Джакайли сделала Нариману знак поторопиться, обеденное время для детей давно наступило. Нариман продолжал:

– Аромат острых специй вскоре заполнил ночной воздух джунглей, и, когда дхансак как следует разогрелся, Савукша принялся за еду. Ружье лежало рядом. Но как только он поднес к губам первый кусок, из кустов на него сверкнули глаза тигра! Всего метрах в четырех от него! Тигр вышел, облизываясь. И что, как вы думаете, случилось потом?

– Что, что, дядя Нариман?

Но не успел он ответить, как дверь его квартиры открылась, и оттуда высунулась голова Хирабай.

– Чало ни[143], Нариман, – сказала Хирабай, – пора. Если все остынет, будет невкусно.

Вопрос был решен. Чтобы жареная рыба Хирабай, с корочкой снаружи и нежная и сочная внутри, замаринованная в куркуме с красным стручковым перцем, чтобы эта рыба остыла – такое Худаи-джи[144] не смог бы ему легко простить!

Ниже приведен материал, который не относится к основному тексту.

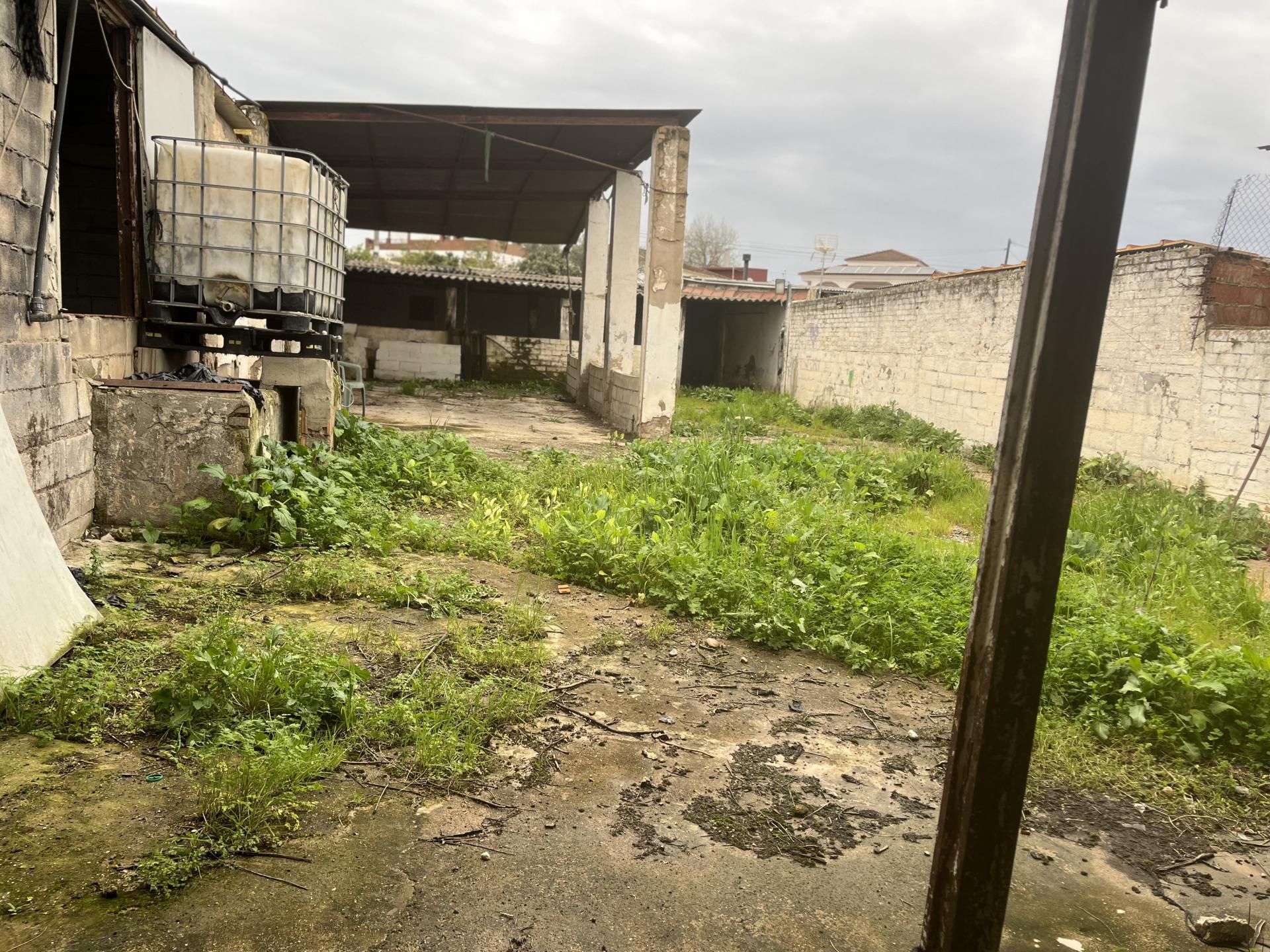 Finca rústica en  Urbanizacion Campiñuela Baja 6 - Foto 13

– Извините, ребятки, мне надо идти. А про Савукшу и тигра в следующий раз.

Послышался гул разочарования. Но все надеялись, что хорошее расположение духа продлится у Наримана до завтра, когда он вернется из Мемориальной библиотеки, иначе его история тоже остынет.

Однако прошла целая неделя, прежде чем Нариман вновь припарковал «зеницу ока» перед своей квартирой на первом этаже и дал три долгих гудка. Когда он поднял капот, проверил масло, начистил значок «мерседеса» и стал насвистывать «Марш полковника Боуги»[145], к корпусу «А» потянулись ребята.

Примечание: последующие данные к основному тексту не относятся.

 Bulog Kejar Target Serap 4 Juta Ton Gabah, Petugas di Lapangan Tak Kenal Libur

Некоторые помнили, что история о Савукше и тигре осталась незаконченной, но они хорошо знали, что напоминать об этом не следует. Неразумно было подсказывать Нариману, пока он первый не намекнет на продолжение, иначе не выйдет ничего хорошего.

Нариман внимательно посмотрел на лица собравшихся. Двоих, стоявших позади и всегда имевших всепонимающий и высокомерный вид, среди них не было. Не было и тихого Бальсары, умного паренька.

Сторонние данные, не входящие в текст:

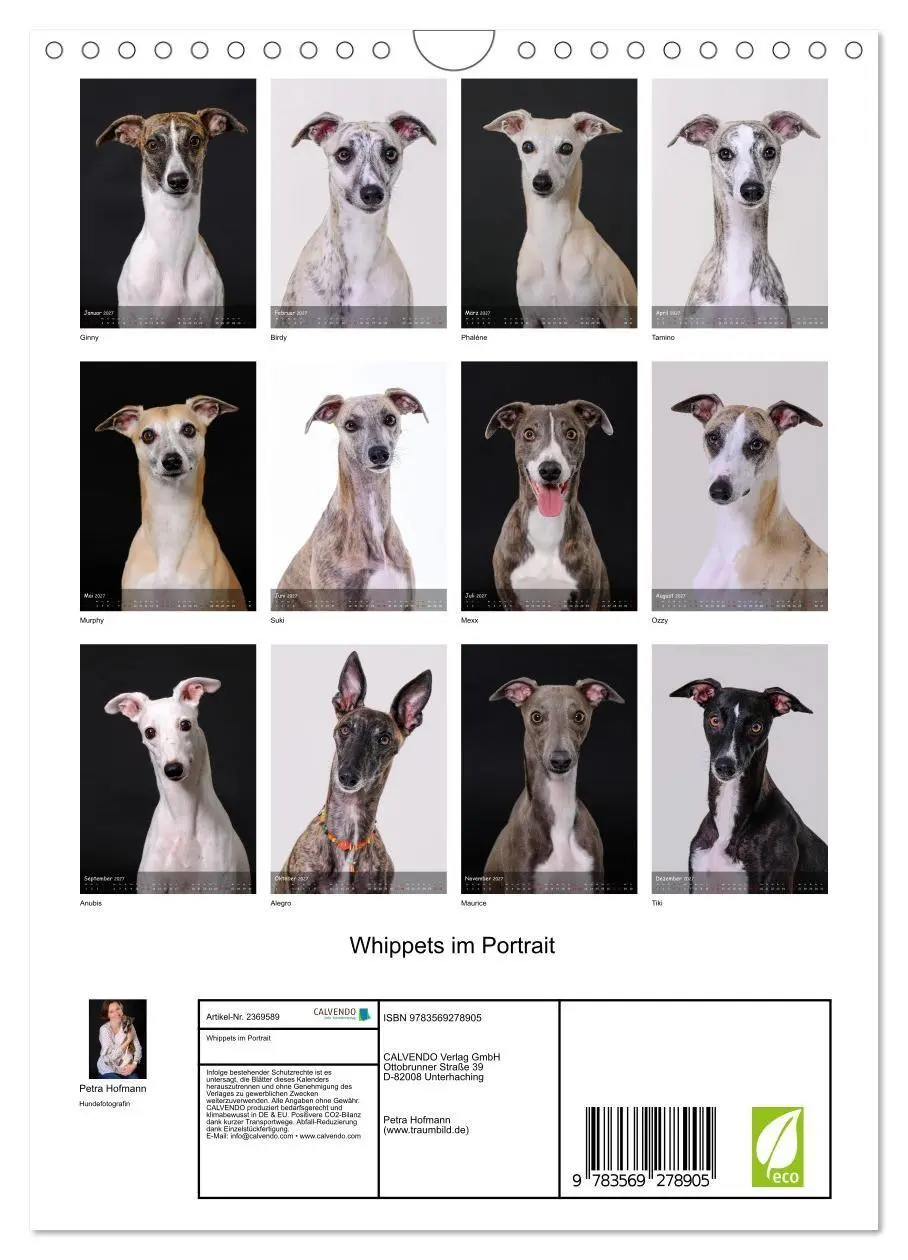 Bild: 9783569278905 | Whippets im Portrait (Wandkalender 2027 DIN A4 hoch), CALVENDO...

– Позовите Керси, Вирафа и Джахангира, – распорядился Нариман. – Хочу, чтобы они послушали сегодняшнюю историю.

Джахангир сидел один на каменных ступеньках корпуса «С». Другие двое болтали с охранником у дворовых ворот. Кто-то из ребят сбегал за ними.

– Извините, что прерываю вашу беседу, мальчики, и твои размышления, Джахангир, – шутливым тоном сказал Нариман. – Но я подумал, что вам захочется послушать эту историю, тем более что кое-кто собирается ехать за границу.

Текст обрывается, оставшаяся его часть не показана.